When buyers needed a bidding edge, new companies offered to operate as a cash-offer middleman. But now some are stuck with hundreds of homes.

NEW YORK – A handful of young companies known as power buyers created a niche business to help homebuyers gain an edge during the hypercompetitive housing boom. While tactics varied, many offered to help buyers “present an all-cash offer,” accomplished by buying homes on behalf of the buyers as an intermediary step.

Now that the market has cooled, however, some of these companies are stuck with hundreds of homes they acquired on behalf of clients.

That unanticipated glut of homes they’re carrying is an example of how housing-oriented companies that thrived when mortgage rates were super low are now struggling to survive in a higher-rate environment.

Some power buyers say they’re optimistic the housing market can stabilize, and recently there have been a few signs that buying may be picking up. Power buyers say that their business will continue to serve homebuyers in competitive markets and help even the playing field with investors, who often purchase homes with cash.

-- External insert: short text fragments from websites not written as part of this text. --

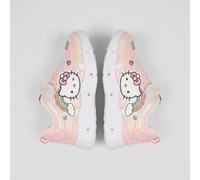 Scarpe da Ginnastica Hello Kitty Luminose con Suola Leggera in Eva - Comode Scarpe Hello Kitty per Bambini e Bambine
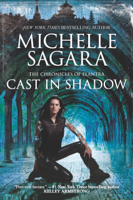 Michelle Sagara - Cast in Shadow artwork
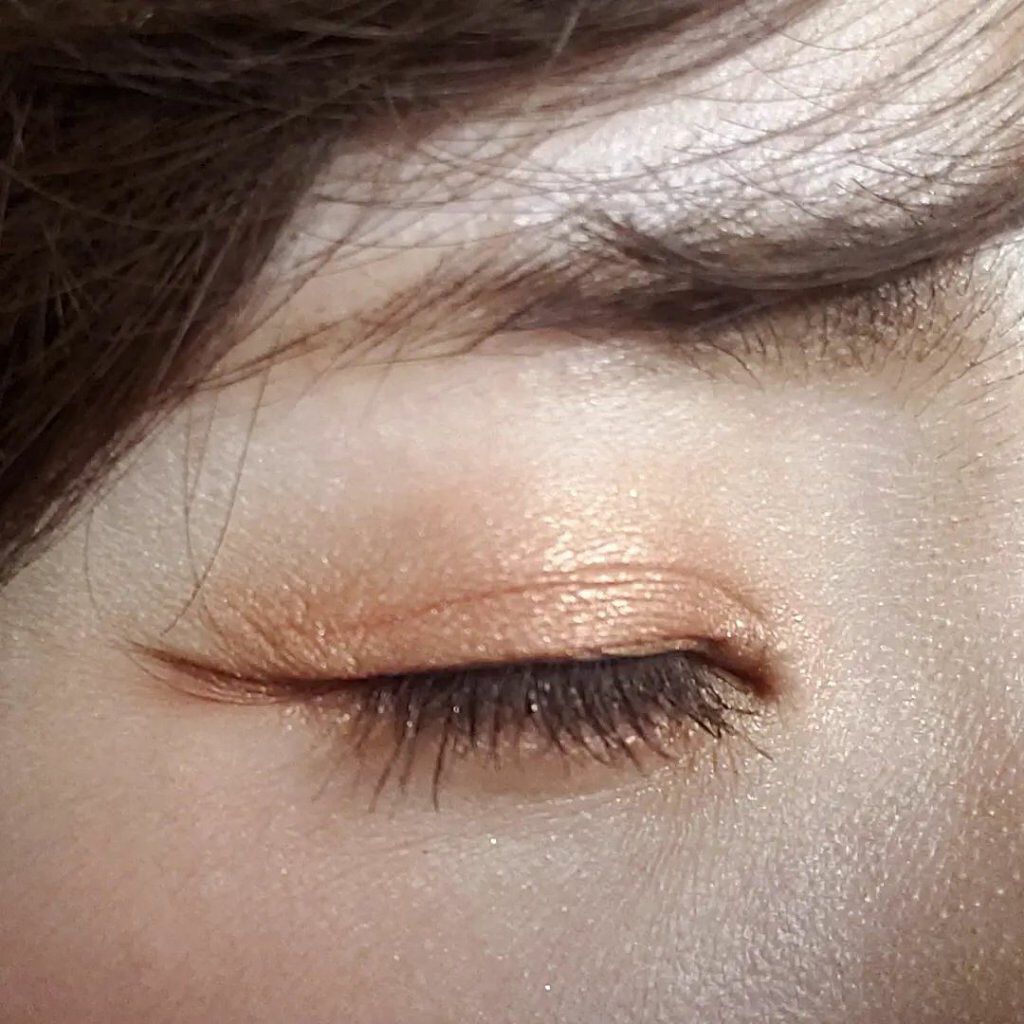 ストローク オブ ラック アイ パレット/BOBBI BROWN/アイシャドウパレットを使ったクチコミ（2枚目）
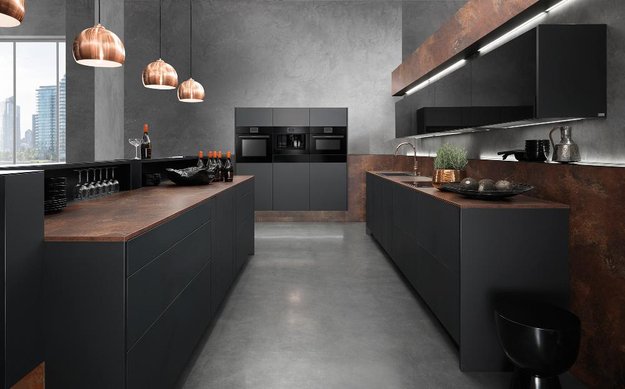 Компактный духовой шкаф с паром Kuppersbusch CBD 6570.0 X2 (фото 2) Компактный духовой шкаф с паром Kuppersbusch CBD 6570.0 X2 (preview 2)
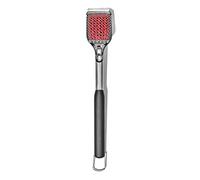 OXO Good Grips Spazzola per la Pulizia della Griglia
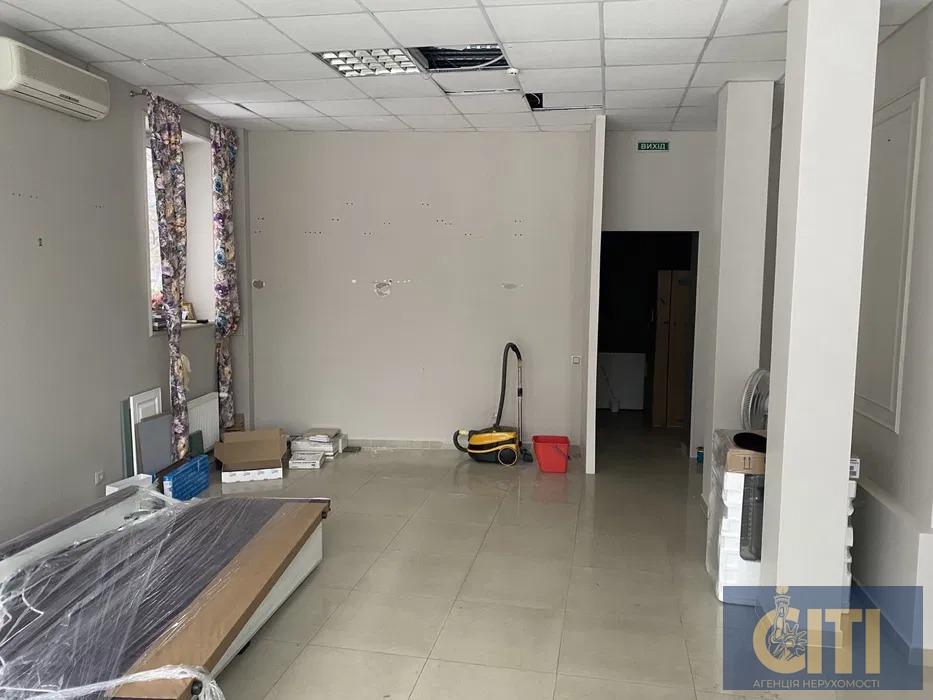Приміщення в самому центрі Житомира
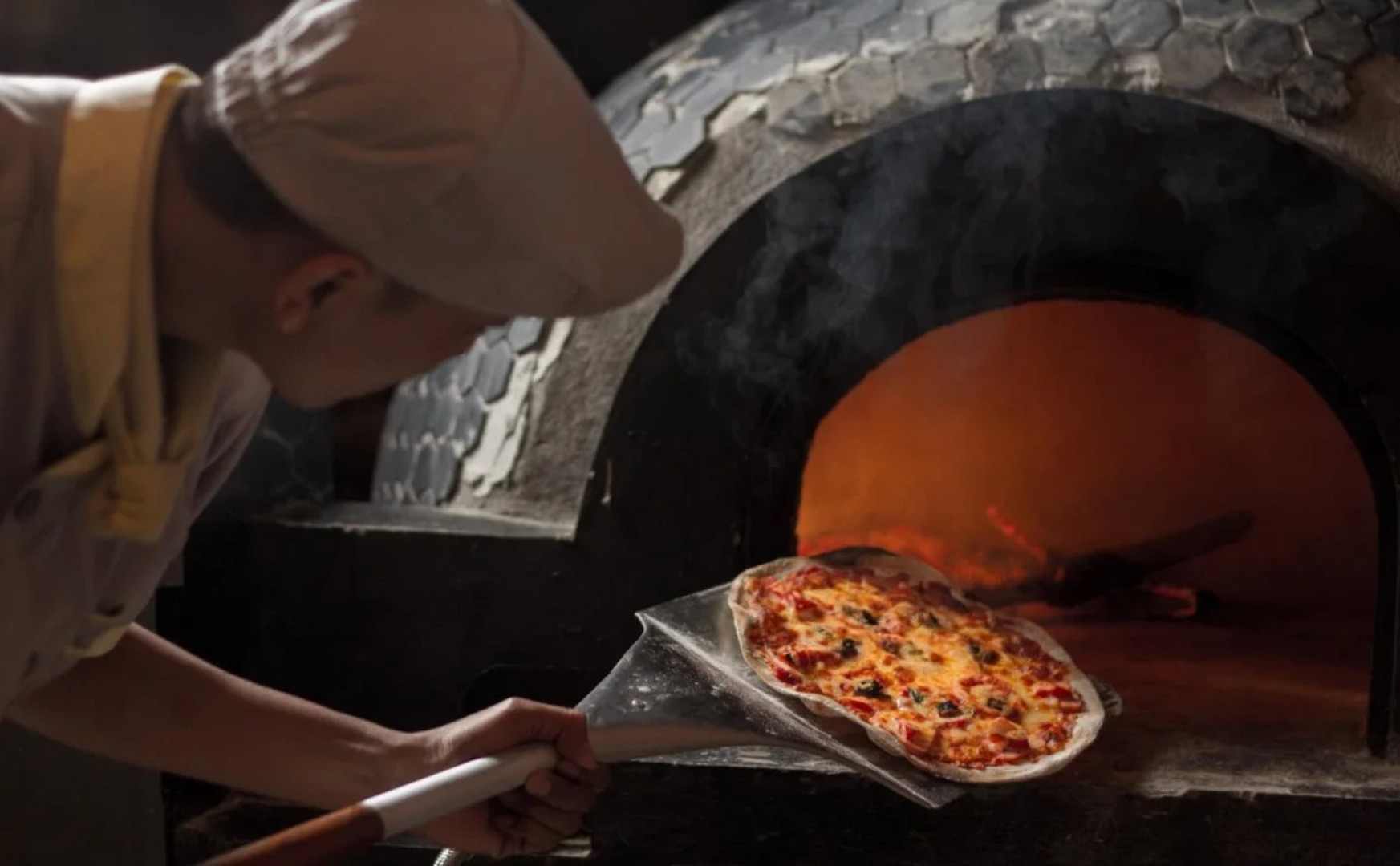 Java Paragon Hotel and Residences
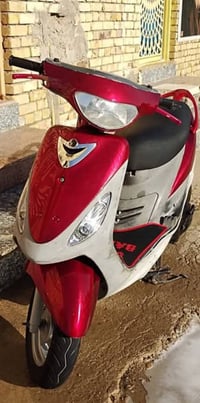 دراجه للبيع ماكس منغولي.سعرانتصل07735150945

Meanwhile, many are focused on improving products aimed at prospective sellers nervous to list their homes in a slow market.

Some executives don’t expect every power buyer to survive.

During start-up, many new power-buyer companies relied on venture capital to grow during the height of the housing market, but they’re unlikely to raise as much money now. Between January and late November 2022, venture investment in proptech companies decreased 21% compared with the same period the year prior, according to a report from Keefe, Bruyette and Woods Inc.